This was not the Eagles at their best. EWU’s scores came conspicuously in the areas patrolled by YSU’s missing all-conference safeties – failures of drug tests last week, reportedly – and the Penguins kept responding with lengthy scoring drives whenever the Eagles created some distance in the second half.
Though the Penguins were missing a 1,000-yard rusher because of a weapons charge, YSU still had two running backs run for more than 100 yards in the Roos Field snow.
None of this is to say that EWU’s seniors fell short of the sort of play that carries teams to championship games and, eventually, wins them. All 12 of EWU’s seniors have started multiple games – the class finishes with 317 combined starts – and it was the seniors who made the impact plays on Saturday.
Shaq Hill, who joined the team in 2012, redshirted in 2015 and has won a Big Sky title every year he took the field.
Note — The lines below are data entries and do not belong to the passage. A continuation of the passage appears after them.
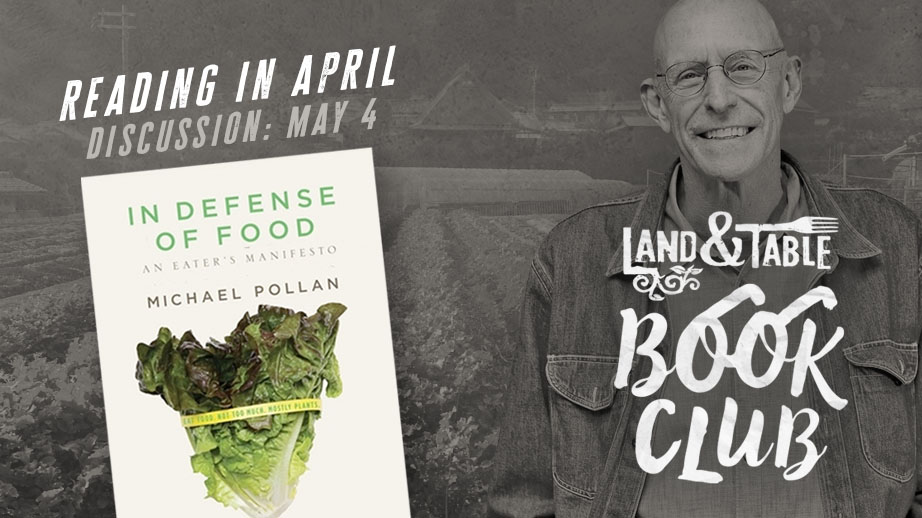 L&T Book Club: In Defense of Food – Discussion (5/4)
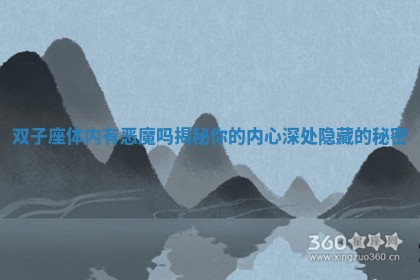 双子座体内有恶魔吗揭秘你的内心深处隐藏的秘密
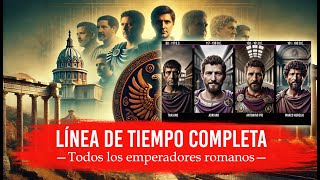 Todos los Emperadores Romanos Línea de Tiempo Completa [upl. by Garber]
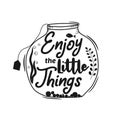 Enjoy the little things. Premium motivational quote. Typography quote. Vector quote with white background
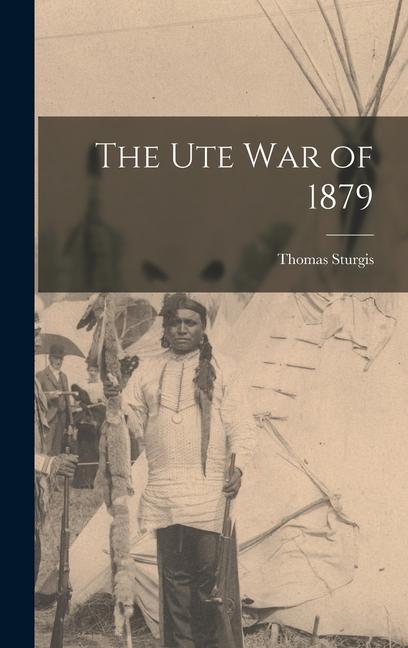 Książka The Ute War of 1879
His touchdown reception in the middle of the third quarter gave the Eagles a two-score lead after the Penguins opened the half with a field goal.
And he played a critical role in EWU’s late go-ahead drive, rushing three times for 22 yards, including a touchdown to put the Eagles up 38-34 with 4:24 left in the game.
Kendrick Bourne scored an 83-yard touchdown to put EWU up a couple of scores with 12:35 in second quarter.
Samson Ebukam effectively ended YSU’s first-half passing game with an impressive sack of Wells in the second quarter. Mique Zamora forced a fumble and finished with 17 tackles, a career high.
These were the types of plays that have carried the Eagles to 41 wins over the last four years, two outright conference titles and three FCS playoff berths.
But this group had a chance to be indisputably the best to come through Cheney. And with chances as freshmen and seniors to cement that legacy with national championships, they came up just short.